**Work to complete:** Write out again the lines from the line with "Lò nướng đối lưu Turbofan E23D3" up to and including the line with "石川遼は３打差４位で最終日へ", exactly as they stand below, and skip any picture.

**Provided material:**
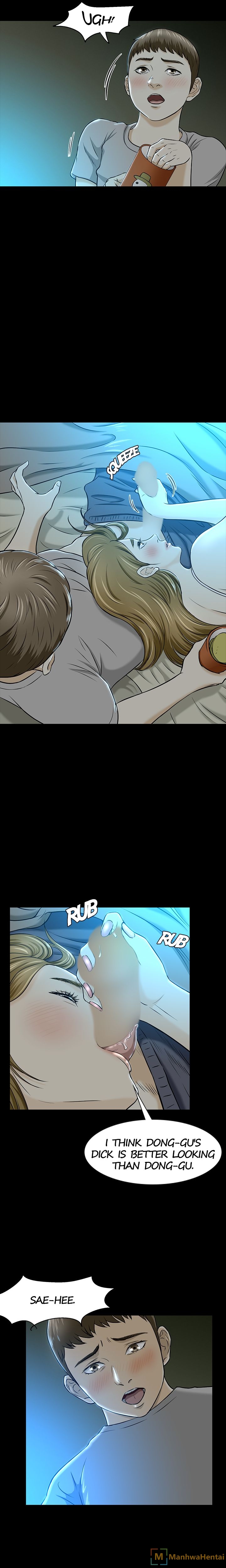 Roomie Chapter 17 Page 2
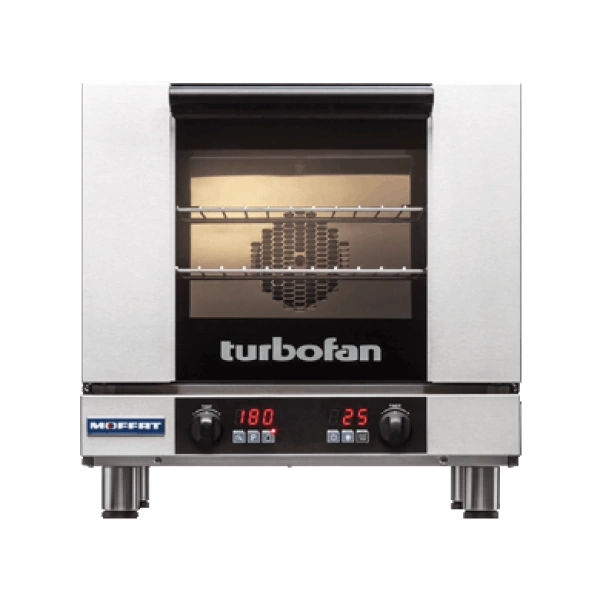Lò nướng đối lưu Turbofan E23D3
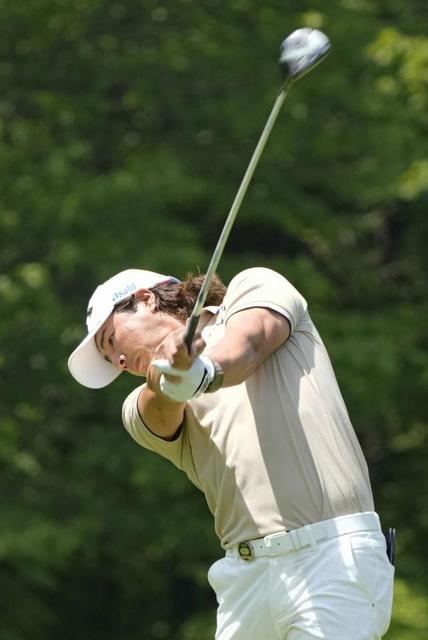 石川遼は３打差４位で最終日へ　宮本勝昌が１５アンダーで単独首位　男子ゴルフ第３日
* * *
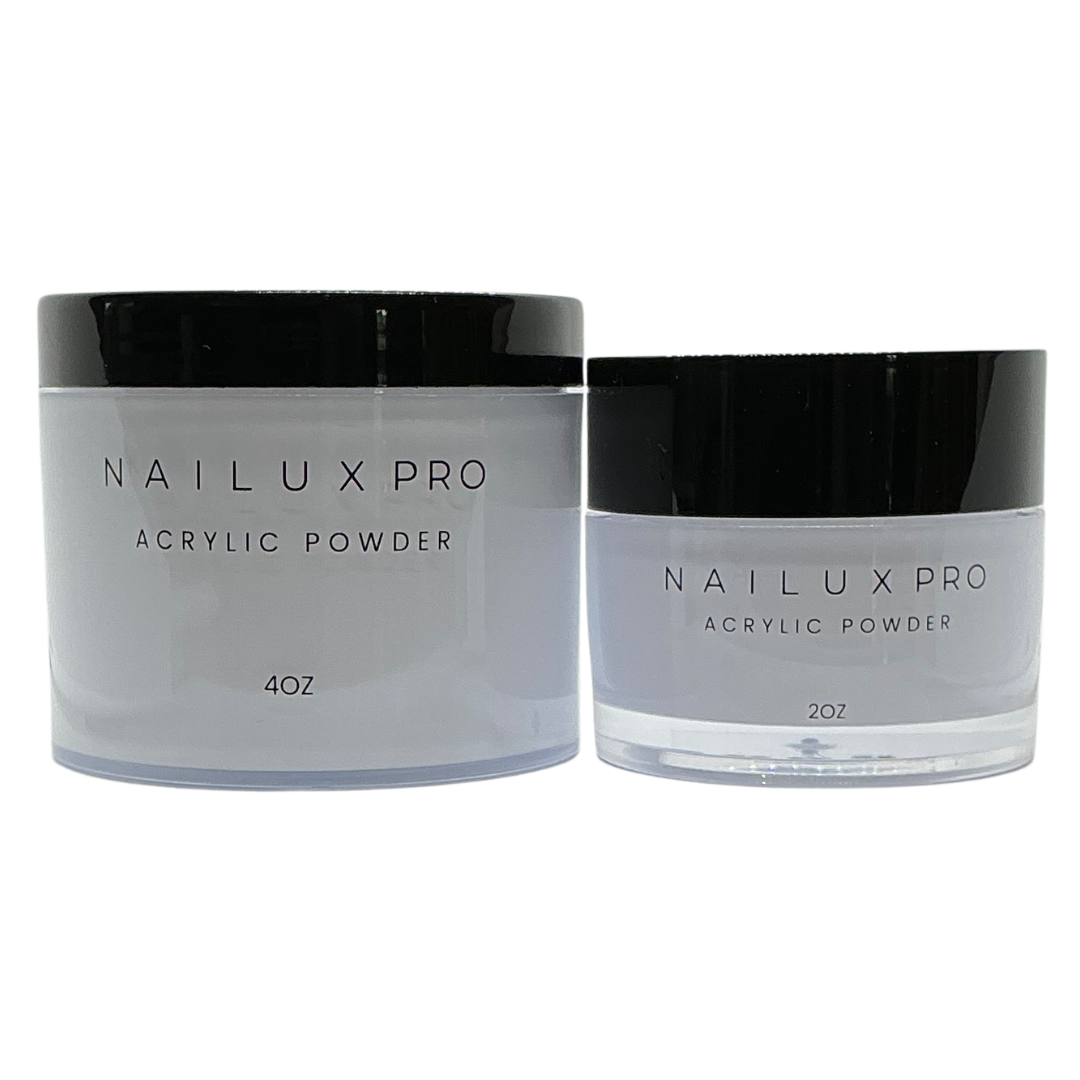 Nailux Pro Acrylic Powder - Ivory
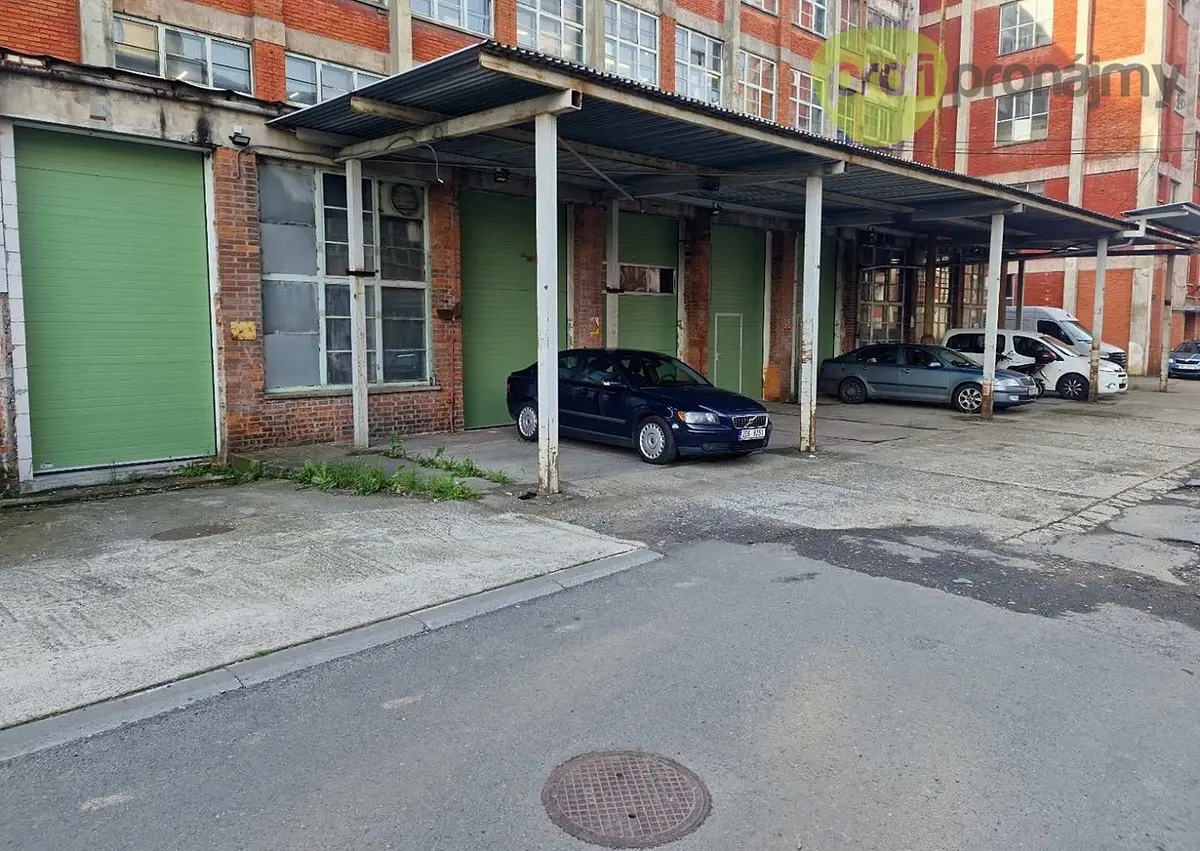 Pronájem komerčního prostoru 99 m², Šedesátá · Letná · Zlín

**Output of the task:**
Lò nướng đối lưu Turbofan E23D3
 石川遼は３打差４位で最終日へ　宮本勝昌が１５アンダーで単独首位　男子ゴルフ第３日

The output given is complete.